Anna raises several fascinating issues which I would love to delve into
further.

> These characters are both fabulous examples of women
> who display
> characteristics that would at one time have made
> them objects of
> censure, but that are now more likely to render them
> objects of
> admiration.  Their ability to stand up and lead when
> those nominally in
> charge falter makes them figures of tremendous
> power.

Absolutely, and the men in the plays resent them for it. More further
down...

> Joan's soliloquy in which she consults her demons is
> one of those scenes
> that strikes me as almost impossibly modern for a
> play written hundreds
> of years ago.  Highly recommended for fledgling
> thesps looking for an
> audition monologue that isn't Juliet.
>
> Both Joan and Margaret are also highly effective
> "misogynometers".  The
> castration anxiety of the critic operates in direct
> proportion to the
> need to sexualize, trivialize and demonize these
> women.

I love the fact that you used the word demonize here.  That in fact is
what the men in the Henry VI plays literally do to ALL of the women in
the trilogy. It's a reoccurring theme of the plays. It begins with Joan
in many obvious ways. Just randomly flipping through the play, I find an
interesting exchange among the English.

BEDFORD: Coward of France! How much he wrongs his fame,
         Despairing of his own arms' fortitude,
         To join with witches and the help of hell.

BURGANDY: Traitors have never other company.
      But what's that "Pucelle" whom they term so pure?

TALBOT:  A maid, they say.

BEDFORD:                   A maid? And be so martial?

BURGANDY: Pray God she prove not masculine ere long.
          If underneath the standard of the French
          She carry armour as she hath begun -

TALBOT:   Well, let them practise and converse with spirits.
(Act II, Scene I, lines 16-25).

This passage amazes me. It betrays their misconceptions of Joan, and it
also betrays their insecurity over her martial prowess. These words
reveal that they believe a woman can only be strong if she has made a
deal with the devil, and that any woman who wears armour and is
masculine must be unnatural, and most probably a whore as well. Indeed,
throughout the trilogy, women of prowess continue to threaten the
establishment and are condemned as unnatural and/or witches.

The Countess of Auvergne schemes to trap Talbot in what seems a very
seductive manner. They speak of substance and shadows, apparitions and
reality. The Duchess of Gloucester - Humphrey's wife - is literally
found consorting with spirits and condemned.
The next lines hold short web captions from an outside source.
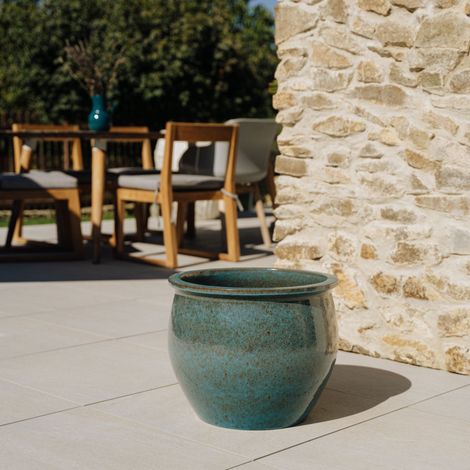 Pot grande taille d'extérieur NEWTON 44x35cm bleu acier, fait main en terre cuite émaillée, résistant au gel (1/4)
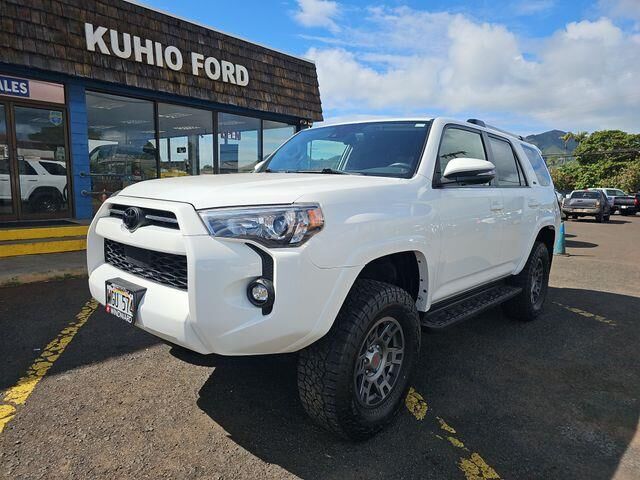 2022 Toyota 4Runner SR5 Premium — photo 1 of 25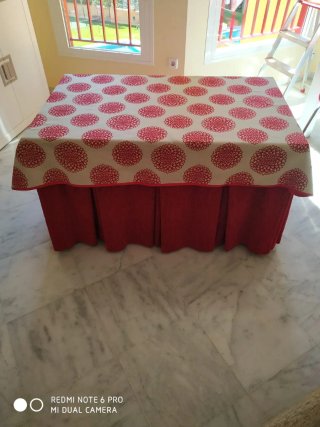 Mesa fija de madera con mantel
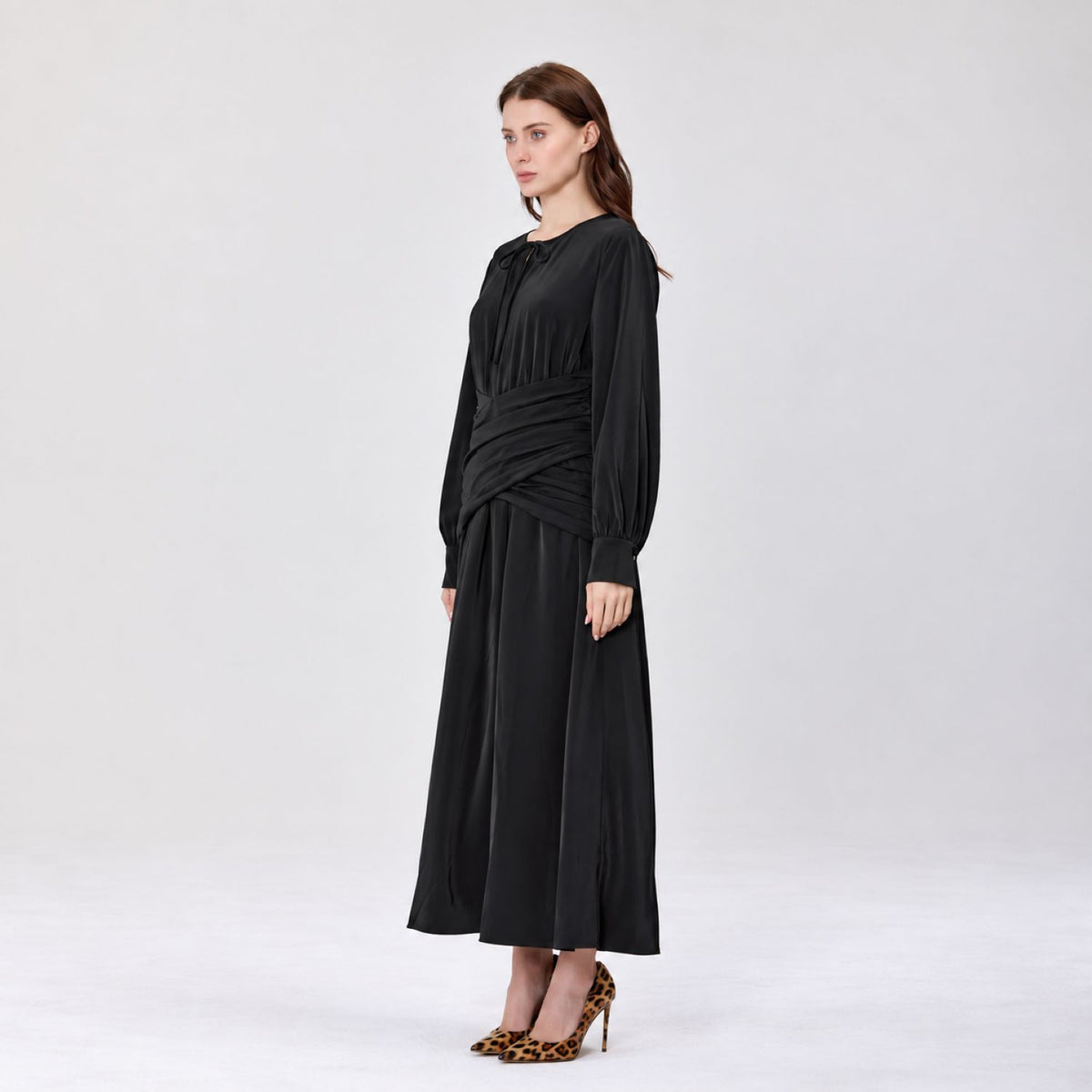 Robe midi satinée à taille drapée croisée et col noué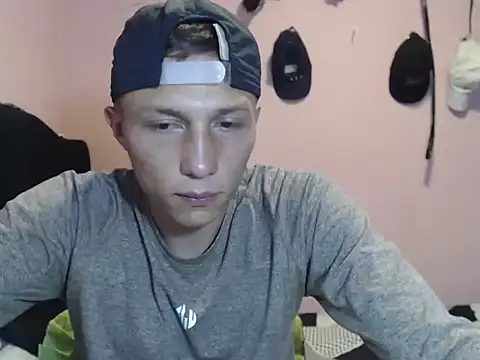 Snapshot of Cronos_Hot_8 chatting on 03/04/26, 10:05 Cronos Hot 8 online show from 03/04/26, 10:05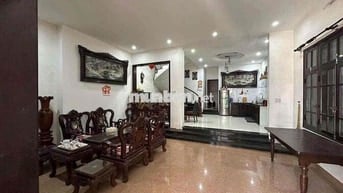 Cho thuê nhà sân vườn Núi Thành Hoà Cường Nam Hải Châu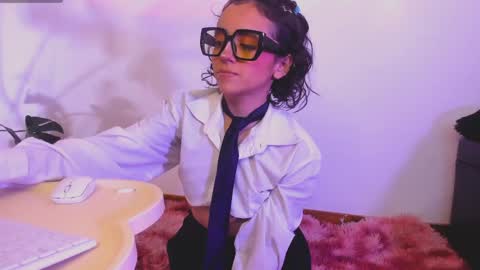 Sam    online show from December 6, 2024, 9:02 pm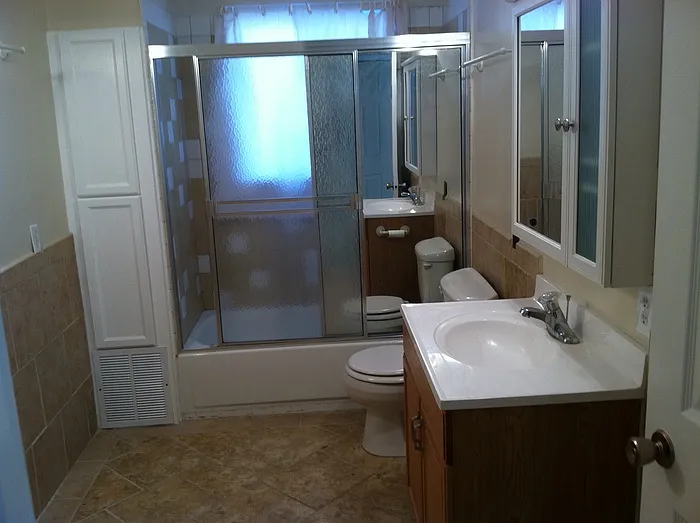 479 E Bridlewood Dr #UPSTAIRS — Photo 6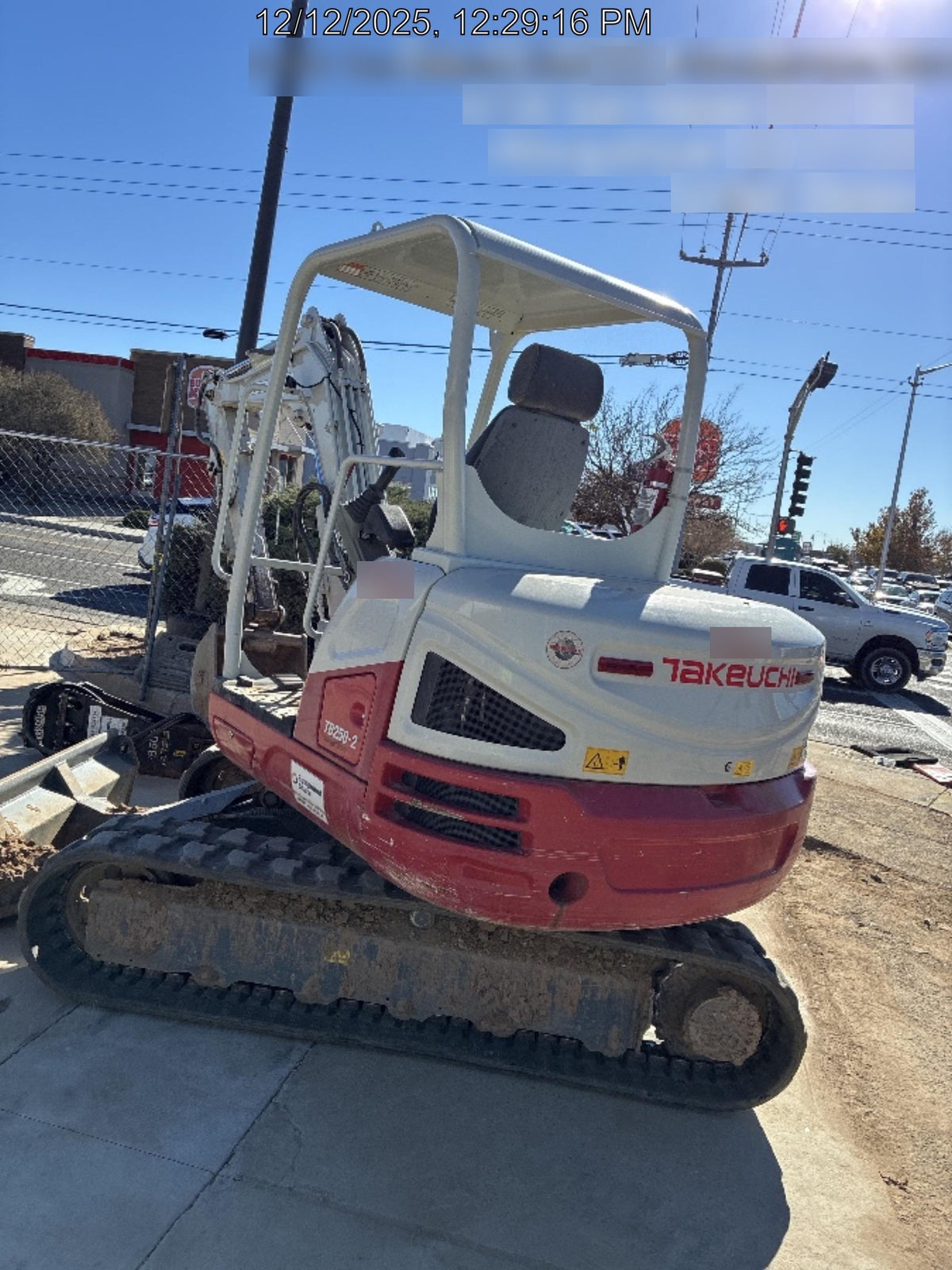 2021 TAKEUCHI TB250-2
She has a touching scene of
power, emotion and depth with her husband as she is enforced to walk
"with a white sheet about her, written verses pinned on her back, and
carrying a wax candle in her hand" (2HVI Act II Scene iv).

Much is made of Richard III's seduction of Lady Anne but what of the
bizarre courtship of Lady Gray by Edward IV? He basically enforces her
to marry him for financial reasons as Clarence delivers awkward comic
asides (3HVI Act III Scene ii). Richard of Gloucester, ironically,
delivers his great first soliloquy following the seduction in this same
scene. And of course, to even touch the surface of all the names that
are used to describe Margaret would take me all day. Suffice to say, her
strong character is called up as a negative quality, and she is accused
of being unnatural and a witch.

In conjunction with Richard III, there is a curious change with the
character of the women. They lose their strength and become wailing
victims. The strongest character? Margaret, who has already been through
victimhood. Richard III is the unnatural one, cursed by these women in
the same ways that they themselves were cursed in the Henry VI trilogy.

One other curious phenomenon: the complete absence of the Duchess of
York in the Henry VIs and her amazing appearances in Richard III. Like
Margaret, she can be easily overlooked but she is also proof of the grip
that the past has on the present of that play.  The younger women seem
completely powerless against Richard but his mother and Margaret seem
wiser, more cynical, and somehow above the action or plot of the play.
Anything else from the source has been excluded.